Our earliest childhood memories often play a hefty formative role. When young and impressionable, it can mean a lot. Who defends us? Who encourages us? Who keeps us going and who sets us straight? Those key moments, giving us our inner strengths and slipperiest vulnerabilities… How do we push past them? How do we become that beacon of humanity, when from the start we were the voice of reason and love, shining bright enough to leave us dizzy? Truth be told, we may have missed out on much of the beauty beyond our lashes.
While I was barely able to walk, donning diaper and drool, my own grandmother would threaten my mother on booze-branded rants. A familial tyrant was no missed familiarity to me. I walked right between them in the kitchen, despite my sister’s pleading warning not to intervene. Standing there, beating back my wobbling limb whims, I told off my grandmother. “Don’t hurt my mom.” She still took the cake… to the face. What a scene that was, creamy countenance and all.

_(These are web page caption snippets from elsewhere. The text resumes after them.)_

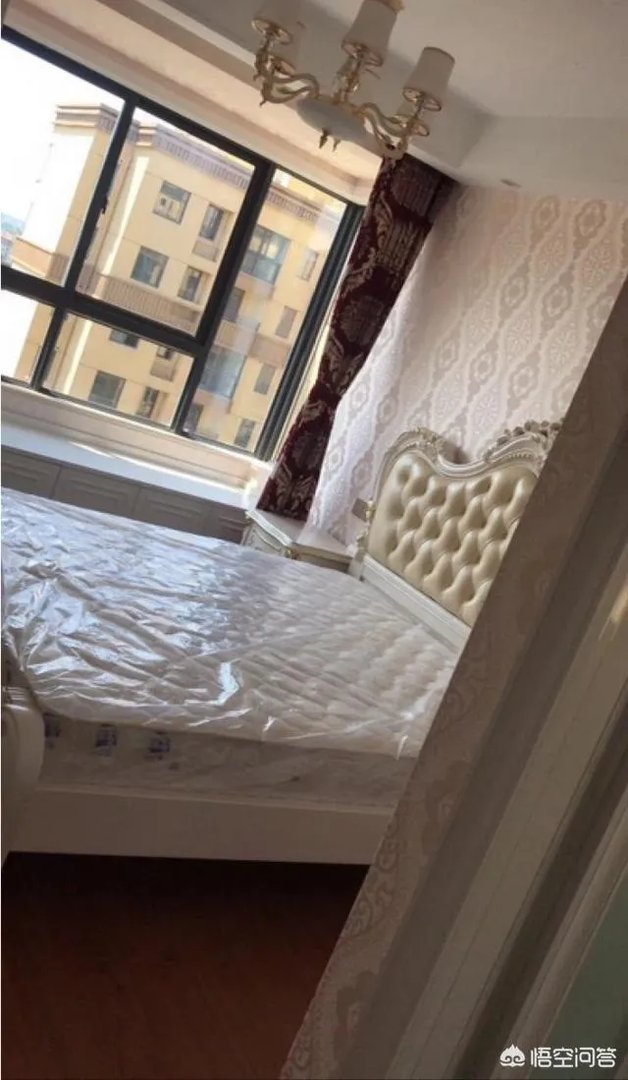 买了二手房原房东把神请走了，神位留下了可以扔掉吗？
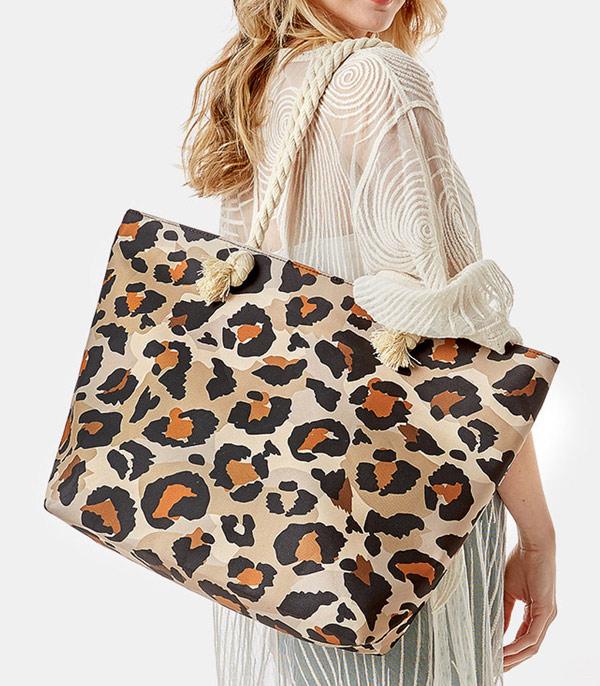 8959- Leopard Beach Tote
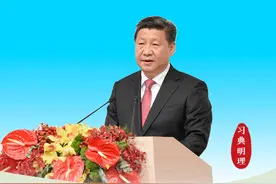 习典明理｜接天莲叶无穷碧 映日荷花别样红图片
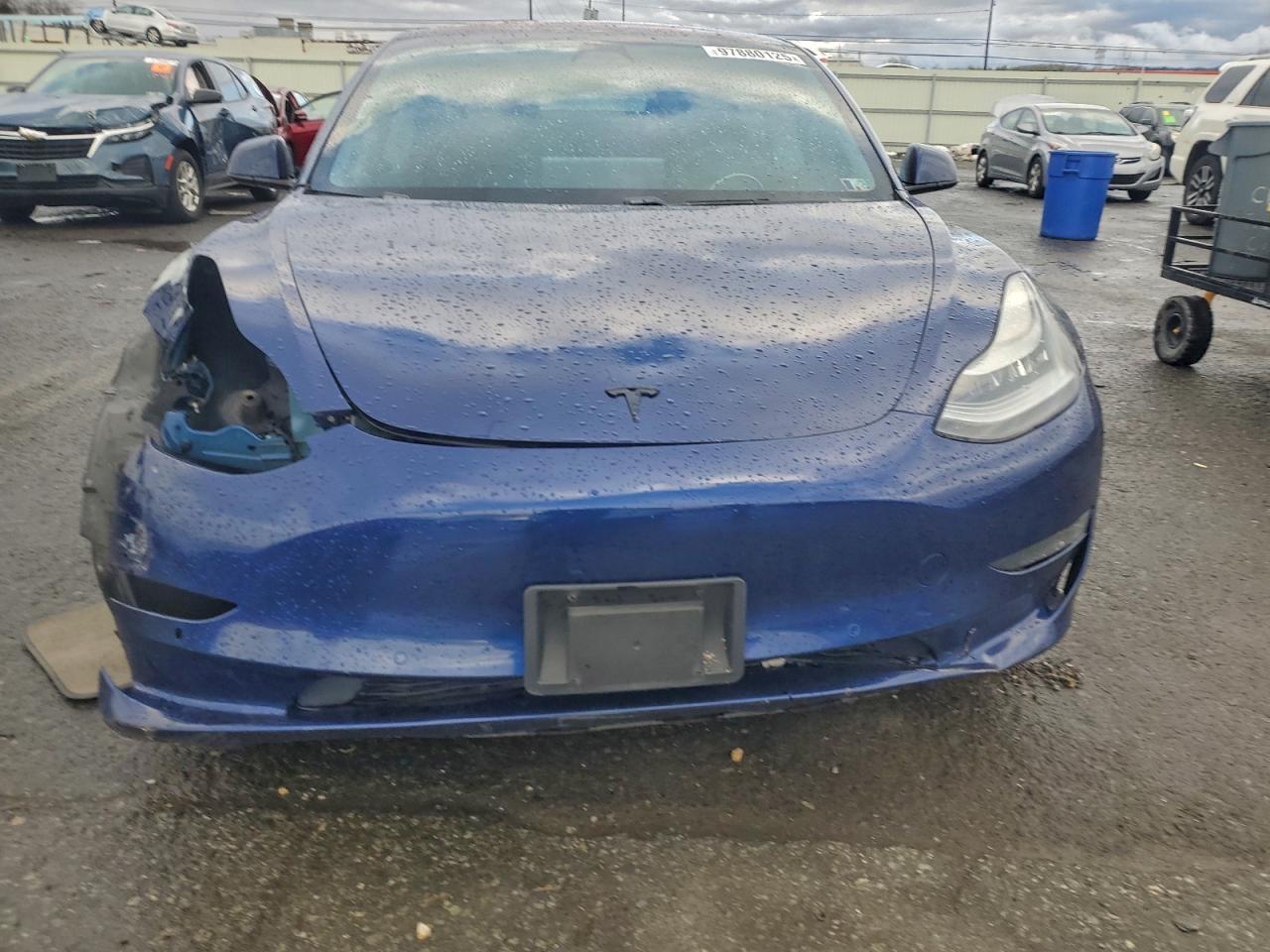 2018 Tesla Model 3 - Фото 5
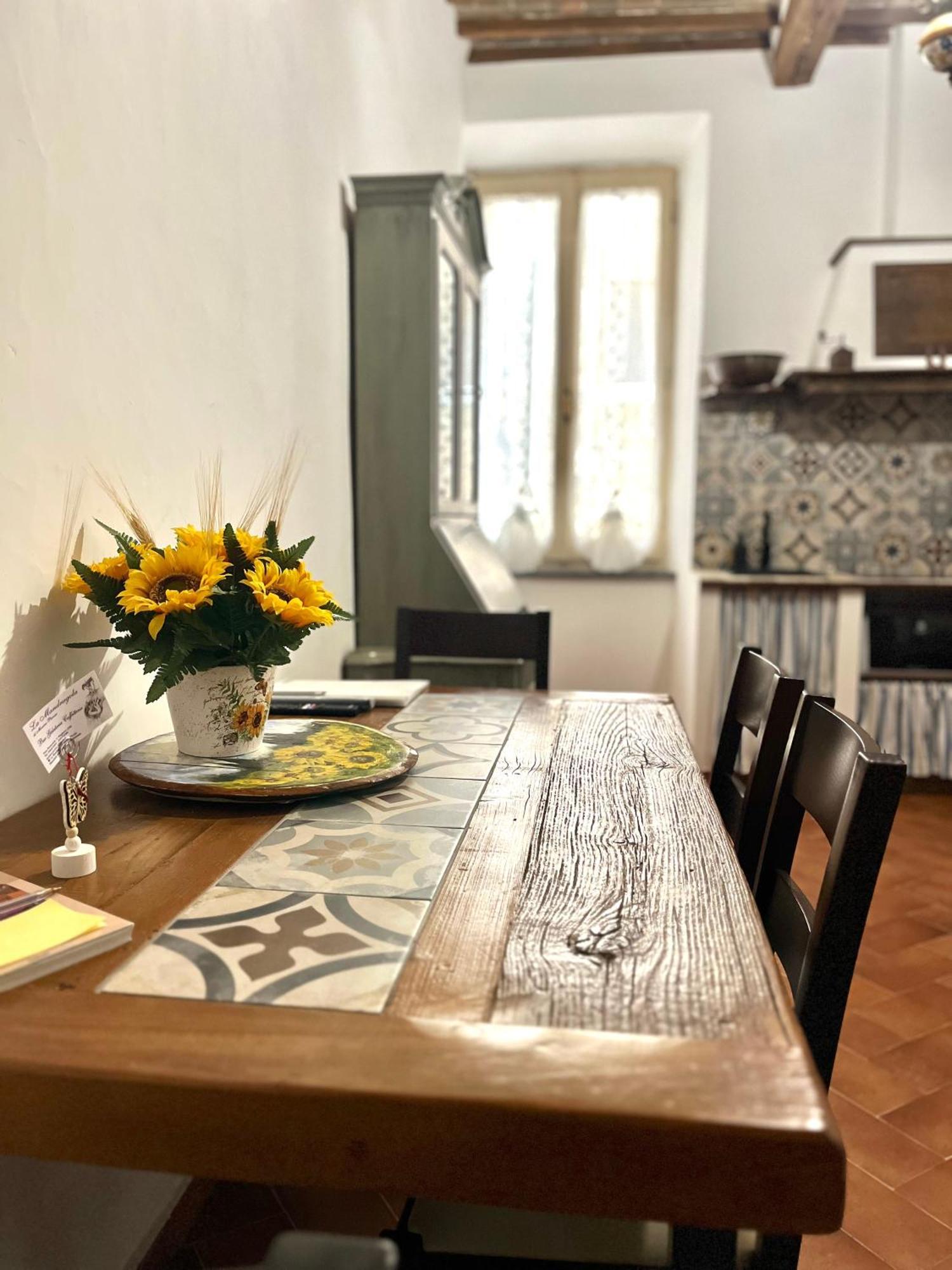 Apartamento Il Girasole Storico Pitigliano Exterior foto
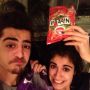Wij zaten keurig klaar met chips, maar niemand belde aan. Maar nu mag fatma wel alles opeten...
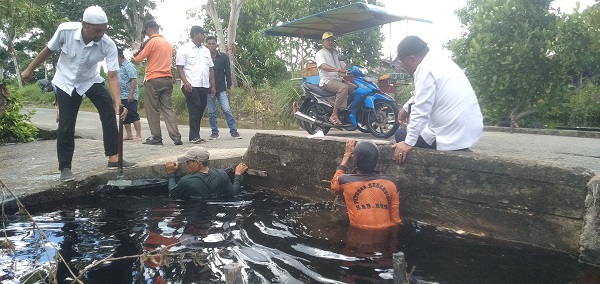 Kurangi Debit Air, DLH Rohil Normalisasi Sungai Pabrik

I never was my grandmother’s favorite kid. No, that title went to my sister. Heck, one day, when it finally came to light that grandma had remarried, my sister hesitated a pride, “Yeah, they got married six years ago.”
No, we mustn’t rely on others to grant our gold. Do what you can to distinguish yourself in your field. Do what you can and it’ll be okay to lose track of yourself. Everythink’s a lesson. Everydo’s a dream. Keep moving, keep dreaming, keep being.